Copy the data exactly from the line that contains "Benno Kichler Vägglampa" through the line that contains "Vintage English Castle Bone China Teacup", keeping both end lines and leaving out everything else.

Records for this task
__________________________________________________

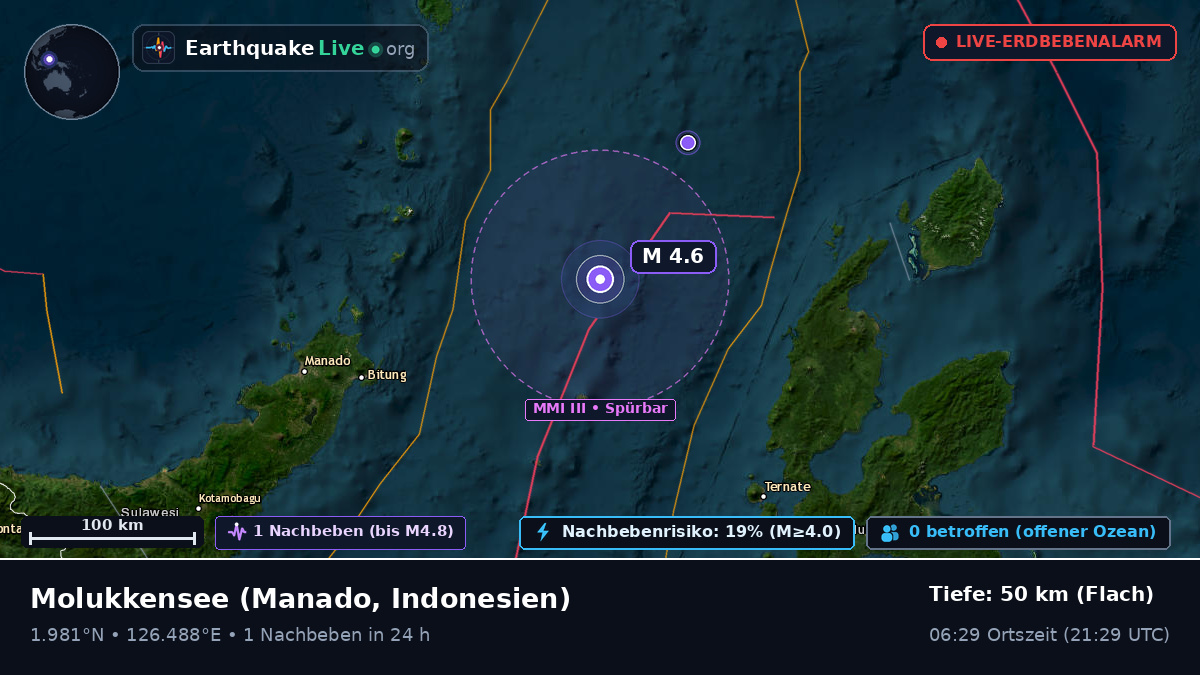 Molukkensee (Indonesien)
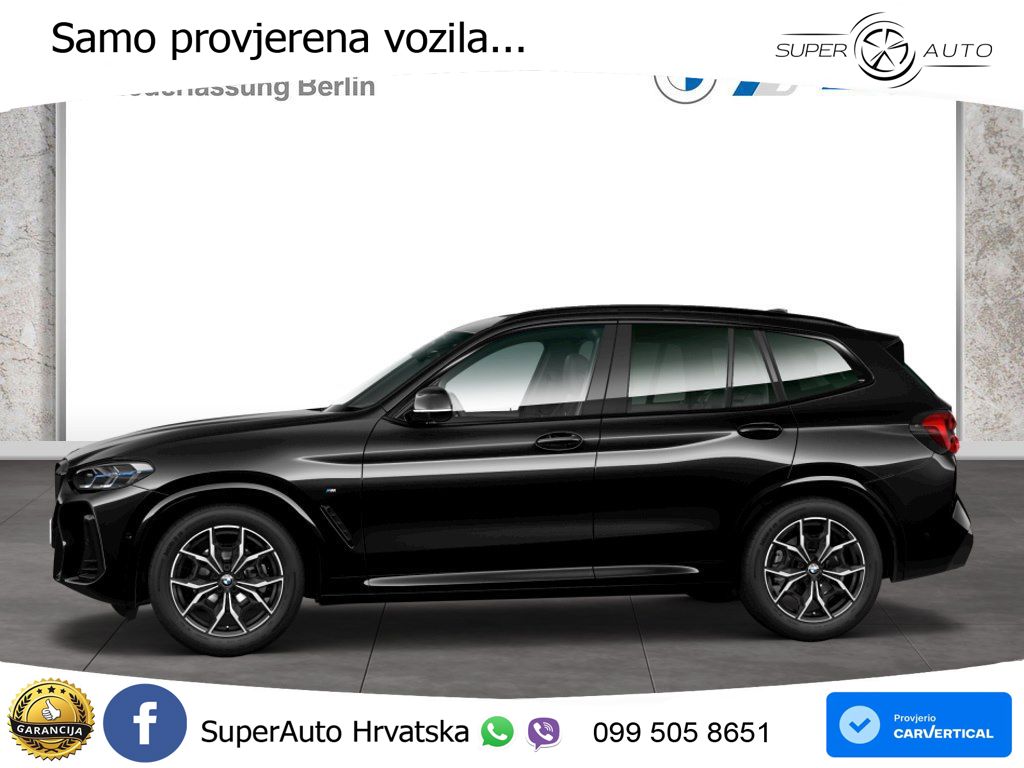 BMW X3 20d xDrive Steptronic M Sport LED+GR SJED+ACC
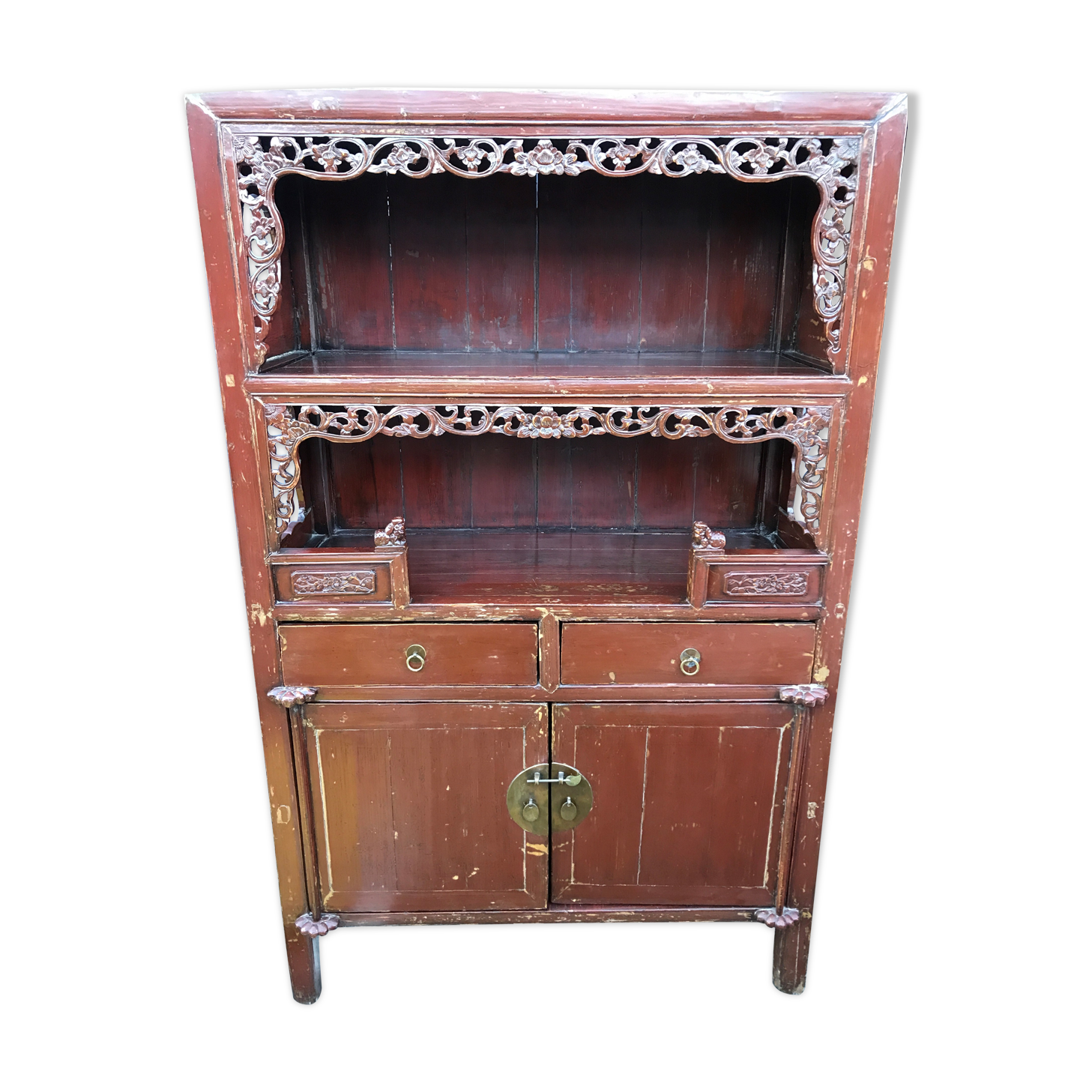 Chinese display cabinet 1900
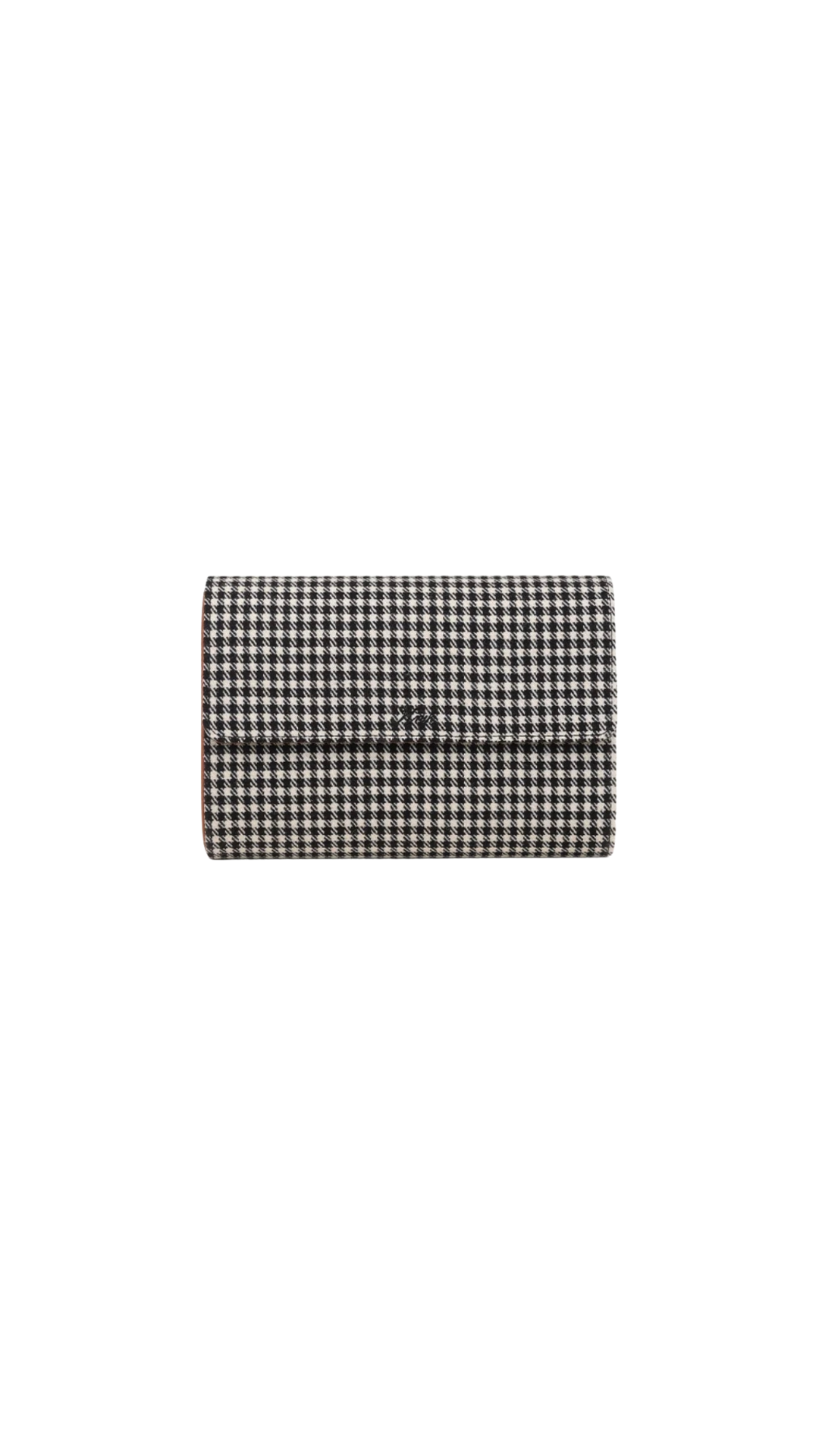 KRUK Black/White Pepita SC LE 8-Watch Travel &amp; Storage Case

__________________________________________________

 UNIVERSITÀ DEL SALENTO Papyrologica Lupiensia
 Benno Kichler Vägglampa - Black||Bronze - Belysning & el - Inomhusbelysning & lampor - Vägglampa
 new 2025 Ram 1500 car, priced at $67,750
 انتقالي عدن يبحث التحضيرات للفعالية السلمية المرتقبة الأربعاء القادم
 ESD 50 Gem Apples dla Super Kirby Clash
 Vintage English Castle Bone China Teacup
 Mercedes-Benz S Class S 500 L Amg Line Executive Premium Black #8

__________________________________________________

Reply to the task
 Benno Kichler Vägglampa - Black||Bronze - Belysning & el - Inomhusbelysning & lampor - Vägglampa
 new 2025 Ram 1500 car, priced at $67,750
 انتقالي عدن يبحث التحضيرات للفعالية السلمية المرتقبة الأربعاء القادم
 ESD 50 Gem Apples dla Super Kirby Clash
 Vintage English Castle Bone China Teacup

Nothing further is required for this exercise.